# Lehigh Valley g scale 1/29



## jerrybaffetto (Nov 25, 2014)

hello everyone
I made the model by building the body on the chassis of Pacific Aristocraft
3d print body with material suitable for outdoor use
details and details with 3d print in high definition resin
for more information: [email protected]


----------



## Pete Thornton (Jan 2, 2008)

Very impressive!


----------



## jerrybaffetto (Nov 25, 2014)

thank you Pete!


----------



## jerrybaffetto (Nov 25, 2014)

I am now designing this, the PRR K4 3768
I will keep you updated!


----------



## astack (Apr 22, 2018)

Wow! Really impressive! It seems like one could do all sorts of locomotives that way. If you don’t mind me asking, what did you use to smooth the roughness out the 3D-printed body? If sand paper, it must have been labor intensive!


----------



## Rail_Master4501 (10 mo ago)

Looking Good! I wish I had a 3D printer.


----------



## jerrybaffetto (Nov 25, 2014)

thank you all for your comments
3d printing requires, not only good design, but especially good post finishing skills
putty, glass paper, spray putty paints to fill the layers and keep sanding but in the end the piece comes out very well
for those interested I can provide the printed and painted parts, the Aristocraft frame must be provided by you


----------



## jerrybaffetto (Nov 25, 2014)

please, could some kind friends please help me figure out what is the exact color of PRR K4 3768?
thank you very much in advance!


----------



## MGates (Mar 16, 2016)

jerrybaffetto said:


> please, could some kind friends please help me figure out what is the exact color of PRR K4 3768?
> thank you very much in advance!


#3768 was painted initially with what is reported to be a "bronze"-like color, and later on before the New York World's Fair in 1939-40 it was repainted in PRRs' standard Dark Green Locomotive Enamel. We know what DGLE looks like (check out the Bowande G5s in person for the best representation we have in Gauge 1 of the correct behavior of DGLE in direct sunlight), the "Bronze" is another story as it is not a standard PRR color and perhaps a one-off test for a special locomotive. I saw online the color described as Tuscan Red with a hint of yellow and gold flake.

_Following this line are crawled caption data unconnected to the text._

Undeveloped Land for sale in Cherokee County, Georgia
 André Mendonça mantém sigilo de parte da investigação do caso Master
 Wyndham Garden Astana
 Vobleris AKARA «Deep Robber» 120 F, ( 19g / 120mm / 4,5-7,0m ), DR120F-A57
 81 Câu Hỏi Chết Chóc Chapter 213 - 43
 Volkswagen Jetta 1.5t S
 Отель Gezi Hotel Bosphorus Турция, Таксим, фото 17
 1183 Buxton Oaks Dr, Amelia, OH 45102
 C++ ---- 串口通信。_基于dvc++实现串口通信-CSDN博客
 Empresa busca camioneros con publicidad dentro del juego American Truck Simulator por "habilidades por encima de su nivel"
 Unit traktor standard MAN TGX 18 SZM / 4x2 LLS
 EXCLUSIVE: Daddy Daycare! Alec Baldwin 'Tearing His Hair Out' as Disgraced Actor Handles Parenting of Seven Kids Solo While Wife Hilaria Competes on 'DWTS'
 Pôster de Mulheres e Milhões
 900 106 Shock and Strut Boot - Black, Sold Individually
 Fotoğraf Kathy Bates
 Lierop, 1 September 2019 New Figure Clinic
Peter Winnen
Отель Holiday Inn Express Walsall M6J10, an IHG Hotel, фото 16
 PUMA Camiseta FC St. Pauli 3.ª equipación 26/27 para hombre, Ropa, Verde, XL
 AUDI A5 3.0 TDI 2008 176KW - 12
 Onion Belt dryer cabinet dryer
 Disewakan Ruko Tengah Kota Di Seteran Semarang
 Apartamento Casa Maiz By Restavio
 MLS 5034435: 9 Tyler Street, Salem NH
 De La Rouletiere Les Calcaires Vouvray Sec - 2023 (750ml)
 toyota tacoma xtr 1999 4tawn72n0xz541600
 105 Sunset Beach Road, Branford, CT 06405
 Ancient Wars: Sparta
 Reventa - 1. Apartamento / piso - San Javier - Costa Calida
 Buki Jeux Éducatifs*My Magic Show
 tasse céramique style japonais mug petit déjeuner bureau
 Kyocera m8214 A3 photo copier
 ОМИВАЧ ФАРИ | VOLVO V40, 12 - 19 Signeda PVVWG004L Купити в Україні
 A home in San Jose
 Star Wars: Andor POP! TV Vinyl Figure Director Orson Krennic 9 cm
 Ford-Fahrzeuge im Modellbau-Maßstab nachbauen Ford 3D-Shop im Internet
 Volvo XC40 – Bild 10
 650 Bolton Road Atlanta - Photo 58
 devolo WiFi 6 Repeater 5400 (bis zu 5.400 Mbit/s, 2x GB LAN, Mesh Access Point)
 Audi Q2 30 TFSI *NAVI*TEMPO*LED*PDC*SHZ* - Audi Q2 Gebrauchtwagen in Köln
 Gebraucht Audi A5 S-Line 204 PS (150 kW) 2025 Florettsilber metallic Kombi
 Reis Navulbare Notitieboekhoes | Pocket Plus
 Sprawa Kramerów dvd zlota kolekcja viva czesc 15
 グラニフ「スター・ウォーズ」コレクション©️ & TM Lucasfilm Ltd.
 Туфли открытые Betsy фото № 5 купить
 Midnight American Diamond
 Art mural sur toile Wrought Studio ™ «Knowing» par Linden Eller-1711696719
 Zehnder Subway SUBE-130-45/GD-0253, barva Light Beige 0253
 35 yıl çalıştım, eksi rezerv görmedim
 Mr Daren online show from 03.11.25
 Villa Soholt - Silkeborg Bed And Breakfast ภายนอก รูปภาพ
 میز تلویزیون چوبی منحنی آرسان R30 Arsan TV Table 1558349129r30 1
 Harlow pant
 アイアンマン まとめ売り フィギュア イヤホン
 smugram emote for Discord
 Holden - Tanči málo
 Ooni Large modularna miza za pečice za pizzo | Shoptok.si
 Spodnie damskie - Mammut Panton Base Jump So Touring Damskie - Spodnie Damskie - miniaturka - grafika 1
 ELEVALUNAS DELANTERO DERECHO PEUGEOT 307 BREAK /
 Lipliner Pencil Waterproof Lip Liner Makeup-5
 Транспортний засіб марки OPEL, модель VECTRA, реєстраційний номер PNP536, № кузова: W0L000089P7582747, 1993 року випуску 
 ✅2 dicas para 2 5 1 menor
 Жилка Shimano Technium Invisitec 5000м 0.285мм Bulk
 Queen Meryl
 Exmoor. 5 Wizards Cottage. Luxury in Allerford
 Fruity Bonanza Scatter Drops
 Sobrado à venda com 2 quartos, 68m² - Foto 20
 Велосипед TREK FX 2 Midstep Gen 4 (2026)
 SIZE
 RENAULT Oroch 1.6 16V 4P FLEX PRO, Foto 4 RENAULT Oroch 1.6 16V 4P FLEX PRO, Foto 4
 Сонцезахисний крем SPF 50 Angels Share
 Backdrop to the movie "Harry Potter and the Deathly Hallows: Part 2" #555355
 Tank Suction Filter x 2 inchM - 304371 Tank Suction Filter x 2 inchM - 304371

So you have two options for a historically accurate #3768, but the "Bronze" will require you to take artistic liberties (as various model companies have done with their #3768 releases) to come up with something you may find acceptable. For some inspiration take a look at some photos of bronze-metallic painted automobiles from the Art Deco era as that may have been what helped to inspire #3768's first paint job.

-Mike


----------



## jerrybaffetto (Nov 25, 2014)

hi Mike
thank you very much for your precise explanation
it will be very useful for me!


----------



## Paul Race (Feb 15, 2008)

Regarding your Lehigh Valley locomotive:


Damn!


----------



## [email protected] (Dec 28, 2018)

Well done!


----------



## tommy98466 (Dec 27, 2007)

Beautiful.


----------



## Scott (Jan 29, 2008)

Nice work mate, that streamlined look is always anattention getter.


----------